En la lógica capitalista las vivencias irrepetibles son más costosas, a mayor poder
adquisitivo, mayor es la exclusividad y el privilegio, incluso se venden paquetes
VIP que hacen que un boleto duplique su valor y otorgue ciertos beneficios o
recuerdos únicos a quien lo adquiere.
Bad Bunny no escapa a esta lógica donde acudir a uno de sus conciertos es un
privilegio en cualquier sentido, partiendo desde la residencia que montó durante
un mes en Puerto Rico, misma que hizo que personas de todo el mundo se
trasladaran para vivir al ritmo de la orquesta lo que significa estar en esta isla.

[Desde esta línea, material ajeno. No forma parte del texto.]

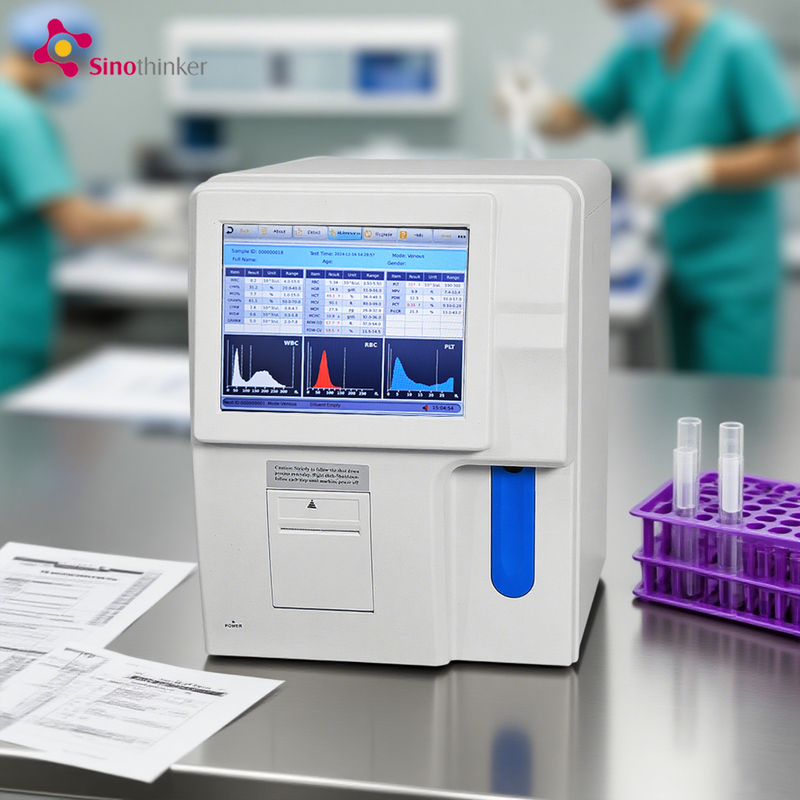Clinical Analytical Instruments Semi Auto Biochemistry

Sus canciones son sinónimo de ritmos latinos, mueve a las masas, posiciona el
español como lengua y también es un ejemplo de revolución y protesta disfrazada
de popularidad. Los acrónimos en los títulos de sus canciones, las letras
irreverentes e incluso el Sapo Concho, protagonista del último disco, son ejemplos
de que el arte también puede ser una invitación a la protesta y la transformación.
En medio de una lógica capitalista y un sistema que destaca los privilegios el
escenario también es una revolución y así lo demostró el artista con su llegada a
México, donde programó 8 fechas con lleno total donde las secciones tuvieron un
cambio gracias a sus nuevas estructuras. Idealmente quienes pagan más tienen
de cerca al artista, pero en esta ocasión trajo la famosa “casita” a una nueva
sección, la más accesible donde democratiza este privilegio para más personas.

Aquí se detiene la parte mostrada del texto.